People have used machine learning in trading for decades. Hedge funds, high-frequency trading shops and sole traders use all sorts of strategies, from Bayesian statistics to physics related strategies.
In my final project for Udacity’s Machine Learning Nanodegree, I investigating using machine learning in trading stocks, specifically to predict British Petroleum (BP) stock prices on the London Stock Exchange (LSE) for a 7-day period. E.g. if I gave you 10 days of stock data (and possibly some other publicly known information) leading up till today Mon 17 Oct 2016, the model should predict stock prices for the next 7 trading days (Tues-Fri, then Mon-Wed).
My project report includes a detailed breakdown of the problem statement, datasets used, data exploration, creation and implementation of the model, evaluation and some final comments. In this post, I’ve included excerpts from five sections:
- Why trading is an interesting domain for machine learning
- Datasets used
- Implementation Summary
- Interesting Aspects of the Project
- Difficult Aspects of the Project
- Firstly, there are many non-engineered features. If we include only equities, we already have over 10,000 equities globally. That makes for at least 10,000 potential non-engineered features.
- Secondly, there are many datapoints. Even access to only daily trading information gives us 30 years * 365 days = over 10,000 datapoints for each of many stocks. (This is only an estimate because trading does not take place on Sundays in all non-Israeli exchanges.) If we were to look at intraday figures, there’s even more data: in January 2009, an average of 881,609 trades were made per day in equities on the London Stock Exchange (Source: LSE Group).
- It is also interesting because research in machine learning and statistics has affected how markets behave. There is no strategy or algorithm that will solve this problem or remain forever ‘optimal’ – if a profitable strategy is found, it may be copied by other people and so be priced in or it may be fought against or taken advantage of. This is more relevant to high-frequency trading than daily trading but nonetheless has an impact.
There is one primary dataset for this project and two supplementary datasets.
- The primary dataset is a CSV with all the daily stock prices from 1977 for stocks listed on the the London Stock Exchange. This dataset was downloaded from Quandl.
- The first supplementary dataset is a spreadsheet listing the stocks currently listed on the London Stock Exchange with information such as what each listed company’s stock symbol is and which sector they belong to. This spreadsheet was downloaded from the London Stock Exchange website.

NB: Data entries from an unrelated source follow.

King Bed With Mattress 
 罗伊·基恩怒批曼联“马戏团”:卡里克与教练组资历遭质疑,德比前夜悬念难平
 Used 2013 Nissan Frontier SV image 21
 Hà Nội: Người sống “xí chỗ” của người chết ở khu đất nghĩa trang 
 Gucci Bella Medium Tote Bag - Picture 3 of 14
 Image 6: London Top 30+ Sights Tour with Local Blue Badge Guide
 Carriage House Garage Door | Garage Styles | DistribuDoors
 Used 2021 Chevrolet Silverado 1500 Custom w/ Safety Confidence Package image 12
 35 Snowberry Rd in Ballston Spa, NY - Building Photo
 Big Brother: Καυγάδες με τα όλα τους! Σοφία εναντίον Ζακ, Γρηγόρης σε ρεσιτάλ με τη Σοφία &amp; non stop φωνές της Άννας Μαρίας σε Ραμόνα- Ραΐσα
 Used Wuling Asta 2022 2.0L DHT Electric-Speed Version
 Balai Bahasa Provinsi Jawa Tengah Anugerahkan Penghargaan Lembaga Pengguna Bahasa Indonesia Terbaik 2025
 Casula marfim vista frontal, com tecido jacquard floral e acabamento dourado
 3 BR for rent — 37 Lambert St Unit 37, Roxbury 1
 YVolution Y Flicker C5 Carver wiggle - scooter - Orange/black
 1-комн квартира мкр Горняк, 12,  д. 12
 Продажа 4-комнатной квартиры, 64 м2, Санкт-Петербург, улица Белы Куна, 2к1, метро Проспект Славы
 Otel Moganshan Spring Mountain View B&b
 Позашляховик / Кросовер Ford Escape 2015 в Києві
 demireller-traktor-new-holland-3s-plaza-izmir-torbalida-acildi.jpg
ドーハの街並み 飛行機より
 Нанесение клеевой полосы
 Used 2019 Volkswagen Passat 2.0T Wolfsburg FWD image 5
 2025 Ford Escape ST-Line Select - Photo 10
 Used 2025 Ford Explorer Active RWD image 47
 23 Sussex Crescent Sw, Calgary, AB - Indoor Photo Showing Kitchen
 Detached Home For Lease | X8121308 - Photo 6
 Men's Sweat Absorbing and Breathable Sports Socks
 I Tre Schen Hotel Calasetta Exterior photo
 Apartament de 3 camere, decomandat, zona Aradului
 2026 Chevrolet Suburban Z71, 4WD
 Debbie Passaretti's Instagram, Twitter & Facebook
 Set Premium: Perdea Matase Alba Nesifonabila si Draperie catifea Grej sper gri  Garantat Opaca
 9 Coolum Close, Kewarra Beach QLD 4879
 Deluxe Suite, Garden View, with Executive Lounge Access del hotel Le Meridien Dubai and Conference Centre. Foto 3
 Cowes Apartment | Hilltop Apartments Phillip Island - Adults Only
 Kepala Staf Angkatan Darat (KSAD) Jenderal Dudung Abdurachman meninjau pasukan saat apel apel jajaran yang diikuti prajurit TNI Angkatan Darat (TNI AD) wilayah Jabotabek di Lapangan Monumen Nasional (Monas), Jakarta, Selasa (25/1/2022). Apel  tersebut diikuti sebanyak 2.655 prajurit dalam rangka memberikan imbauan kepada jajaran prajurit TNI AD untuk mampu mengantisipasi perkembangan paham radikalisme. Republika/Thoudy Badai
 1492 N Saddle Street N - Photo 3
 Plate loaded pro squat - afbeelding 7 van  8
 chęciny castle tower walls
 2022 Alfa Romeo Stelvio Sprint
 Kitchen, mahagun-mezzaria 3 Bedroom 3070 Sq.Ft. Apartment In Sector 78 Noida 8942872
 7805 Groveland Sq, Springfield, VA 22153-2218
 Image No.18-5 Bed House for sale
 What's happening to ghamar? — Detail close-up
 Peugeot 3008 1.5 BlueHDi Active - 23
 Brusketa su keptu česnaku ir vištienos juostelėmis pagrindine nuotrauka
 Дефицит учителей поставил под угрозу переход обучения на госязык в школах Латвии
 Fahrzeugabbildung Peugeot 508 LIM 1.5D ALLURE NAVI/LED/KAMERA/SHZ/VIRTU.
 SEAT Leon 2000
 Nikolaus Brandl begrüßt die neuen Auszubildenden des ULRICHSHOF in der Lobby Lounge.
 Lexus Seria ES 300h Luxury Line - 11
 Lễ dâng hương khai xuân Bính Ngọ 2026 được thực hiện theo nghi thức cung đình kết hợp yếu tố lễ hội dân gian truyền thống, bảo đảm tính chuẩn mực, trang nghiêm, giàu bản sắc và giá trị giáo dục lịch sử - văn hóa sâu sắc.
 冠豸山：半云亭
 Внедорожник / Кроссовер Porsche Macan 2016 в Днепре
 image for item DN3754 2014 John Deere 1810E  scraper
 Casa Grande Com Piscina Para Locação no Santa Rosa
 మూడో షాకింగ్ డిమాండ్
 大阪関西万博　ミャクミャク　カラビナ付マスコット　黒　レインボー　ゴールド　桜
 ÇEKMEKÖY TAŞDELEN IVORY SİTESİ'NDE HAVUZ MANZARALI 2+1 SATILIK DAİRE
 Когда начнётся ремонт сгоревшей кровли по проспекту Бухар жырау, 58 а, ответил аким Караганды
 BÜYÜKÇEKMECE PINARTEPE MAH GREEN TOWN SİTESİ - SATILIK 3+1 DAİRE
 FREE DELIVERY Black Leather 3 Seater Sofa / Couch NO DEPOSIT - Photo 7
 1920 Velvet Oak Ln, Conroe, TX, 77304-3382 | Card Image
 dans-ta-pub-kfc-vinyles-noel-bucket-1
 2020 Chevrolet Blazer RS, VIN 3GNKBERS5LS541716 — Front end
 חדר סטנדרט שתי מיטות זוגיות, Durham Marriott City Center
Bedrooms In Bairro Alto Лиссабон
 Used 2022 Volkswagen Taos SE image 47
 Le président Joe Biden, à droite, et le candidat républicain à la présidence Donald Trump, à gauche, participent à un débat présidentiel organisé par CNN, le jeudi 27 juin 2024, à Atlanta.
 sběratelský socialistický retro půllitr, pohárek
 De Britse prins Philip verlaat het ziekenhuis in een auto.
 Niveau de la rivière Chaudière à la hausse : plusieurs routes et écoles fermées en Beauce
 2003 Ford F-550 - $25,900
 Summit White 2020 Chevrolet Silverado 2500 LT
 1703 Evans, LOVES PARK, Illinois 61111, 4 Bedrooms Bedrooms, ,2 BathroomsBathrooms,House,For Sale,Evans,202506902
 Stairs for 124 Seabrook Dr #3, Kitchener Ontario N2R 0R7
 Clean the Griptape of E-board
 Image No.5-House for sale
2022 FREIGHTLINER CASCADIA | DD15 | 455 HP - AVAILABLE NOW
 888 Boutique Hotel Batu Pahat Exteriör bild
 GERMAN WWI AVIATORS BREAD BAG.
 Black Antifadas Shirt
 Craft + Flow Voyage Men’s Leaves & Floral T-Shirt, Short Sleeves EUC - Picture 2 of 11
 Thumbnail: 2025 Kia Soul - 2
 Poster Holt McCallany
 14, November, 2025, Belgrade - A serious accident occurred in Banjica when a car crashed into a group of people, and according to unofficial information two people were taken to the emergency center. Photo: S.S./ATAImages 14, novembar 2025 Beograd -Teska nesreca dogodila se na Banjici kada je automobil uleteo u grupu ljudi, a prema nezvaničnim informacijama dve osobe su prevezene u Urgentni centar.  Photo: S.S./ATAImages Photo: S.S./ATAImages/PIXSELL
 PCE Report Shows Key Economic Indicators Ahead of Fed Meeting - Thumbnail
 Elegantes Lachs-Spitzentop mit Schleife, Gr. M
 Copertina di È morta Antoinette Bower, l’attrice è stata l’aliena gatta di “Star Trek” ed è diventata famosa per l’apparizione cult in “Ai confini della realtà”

- The second supplementary dataset is a CSV with Open, High, Low, and Close data for the FTSE100 from April 1, 1984 to Sept 9, 2016. This data was scraped from Google Finance and is used for feature engineering.
Initially we used a linear regression only on BP stock prices from the past 7 days, which produced impressive results, with 7-day predictions having a root mean squared percentage error of 5.4%.
In this initial iteration, we perfomed the following steps: 1. Import data (CSV) and format it as a Pandas Dataframe 2. Create features dataframe: Select features we wanted to use and put it into a separate dataframe 3. Create target dataframe (Prices for 7 days following the last date provided in the features). 4. Split into training and testing sets. (No shuffle because we are dealing with time series data.) 5. Train chosen classifier. 6. Predict test target. 7. Evaluate test target and print evaluation metrics.
After the initial iteration, I then repeated the process firstly with different classifiers (altering parameters, tried SVM regression) and then with new features (more days’ worth of data, GAIA data, FTSE data).
I then chose the model with the lowest mean root mean squared percentage error, which was a Linear Regression classifier trained on 7 days of BP and FTSE data (Close, max High and min Low prices. Adjusted for BP, not adjusted for FTSE).
- Coming up with new features from scratch as opposed to selecting them from a given set. This resulted in much analysis paralysis because the universe of possible features is so large.
- Collating data from different sources. I wanted to use FTSE prices that weren’t in the Quandl database I downloaded, so I wrote a Python script to scrape the data from Google Finance. I then had to combine this data with the BP price data. This was made more tedious because there were missing data values when I joined the two dataframes by dates, so I also had to proxy data values.
- A simple model turned out to be better than several more complex models. E.g. Linear Regression did better than SVM regression, and adding GAIA features or increasing the number of days’ worth of data we considered both made increased RMS percentage error.
- It was hard selecting the algorithm to use for this problem.
- It seemed as though any regression algorithm could work – and there are so many of them! I dealt with this by (1) first implementing an SVM regression to get the code to implement the algorithm down on the page so things would feel more concrete. Then I (2) chose the simplest algorithm that seemed to fit the problem and tried that.
- I was also conflicted as to whether or not I should use reinforcement learning. On the one hand there are profits that can act as rewards, but on the other hand trading would not impact the environment.
- Putting different features together in a dataframe took effort.
- Different stocks or indices had data for different dates (e.g. some had data for 1984-04-20, some didn’t). I had to find these differences and decide what to do with missing data.
- There were many possible features.
- The project just got longer and longer and I hadn’t even looked through half of the features I wanted to investigate or tried different algorithms. I decided to test out only a few features in this exploratory study and leave the rest for another study.